[PROVIDED MATERIAL — start]

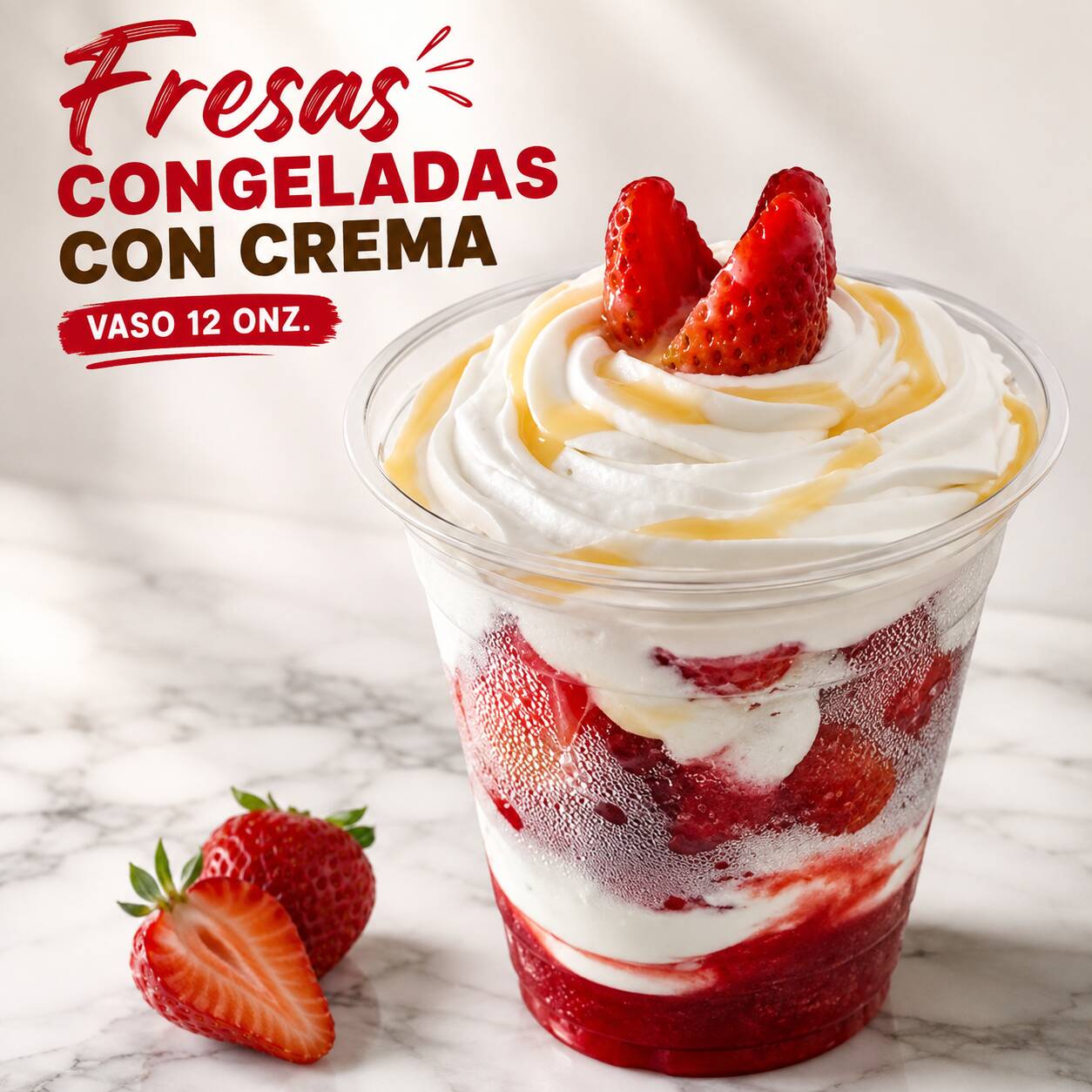 FRESAS CON CREMA CONGELADAS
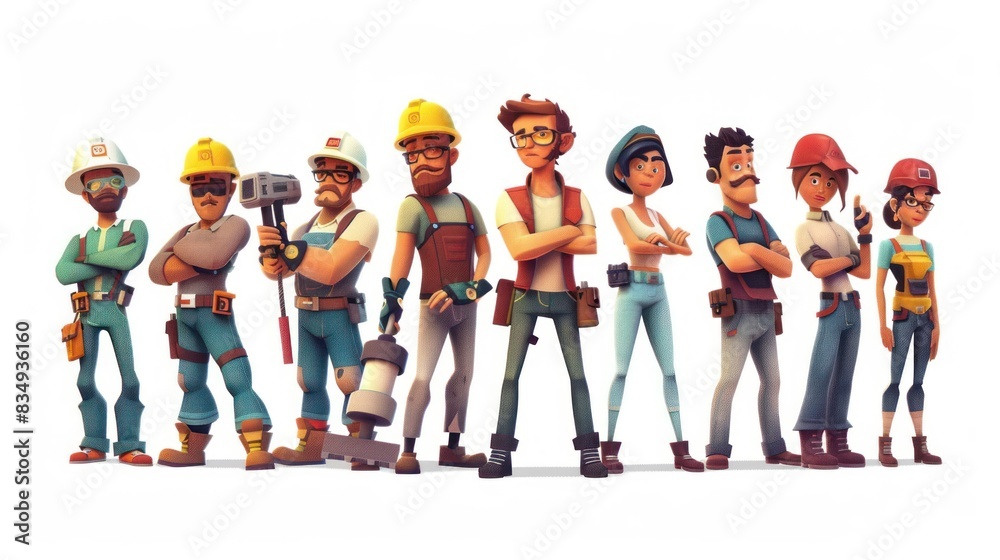 Obraz premium Group of professional craftsmen, carpenter, painter, man and woman, vector illustration, repairman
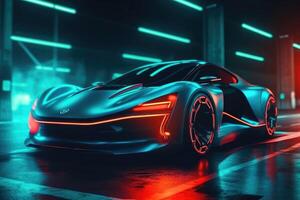 futuristic neon electric car, neon lights night view. photo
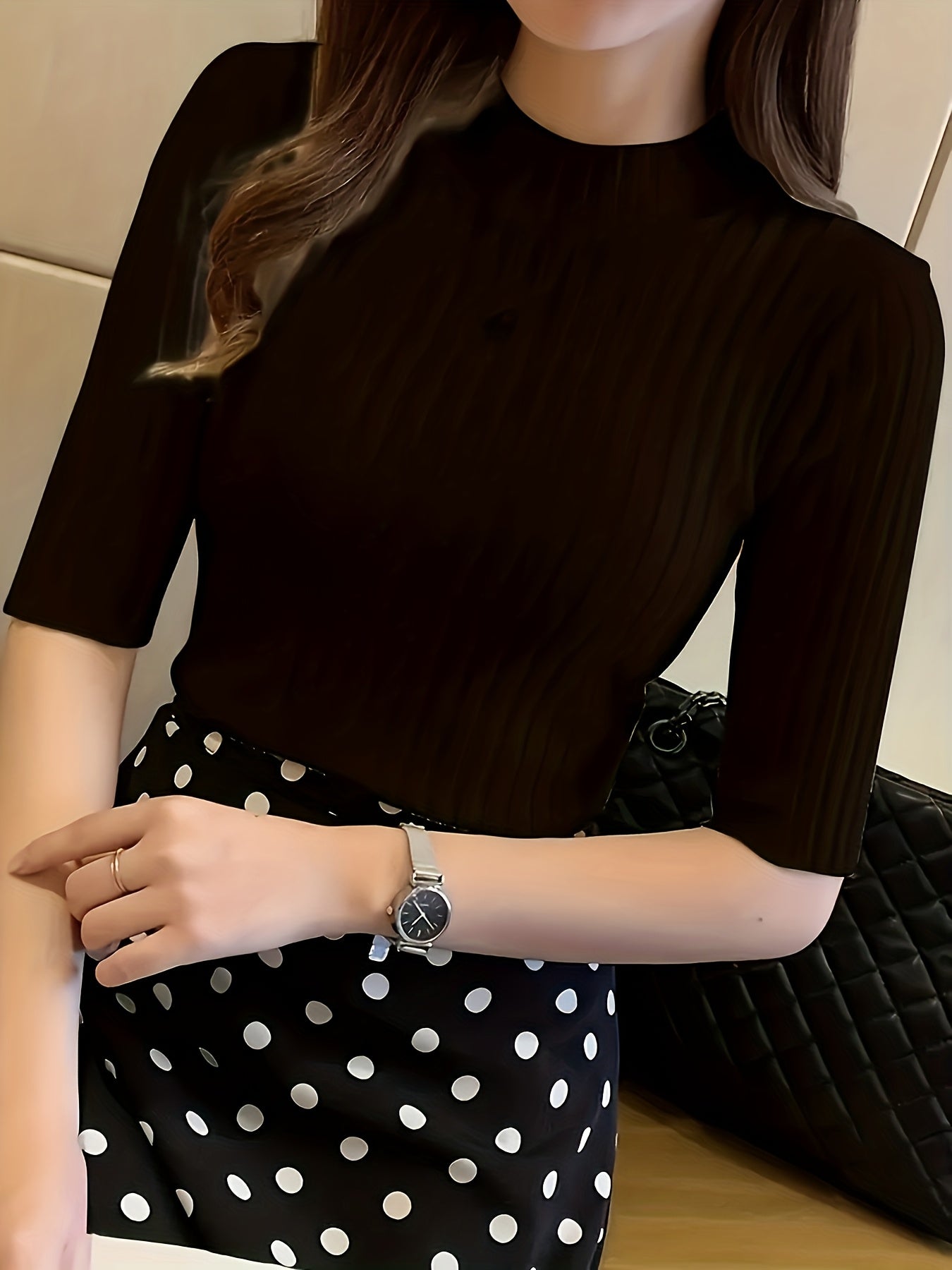 Women's Elegant Solid Color Ribbed Pullover Top - Short Sleeve Regular Fit Machine-Washable All-Season Versatile Blouse for Casual & Formal Wear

[PROVIDED MATERIAL — finish]

## ASSIGNMENT
Omit the pictures. Repeat the rest of the data exactly.

## SOLUTION FOR THIS TASK
 FRESAS CON CREMA CONGELADAS
 Obraz premium Group of professional craftsmen, carpenter, painter, man and woman, vector illustration, repairman
 futuristic neon electric car, neon lights night view. photo
 Women's Elegant Solid Color Ribbed Pullover Top - Short Sleeve Regular Fit Machine-Washable All-Season Versatile Blouse for Casual & Formal Wear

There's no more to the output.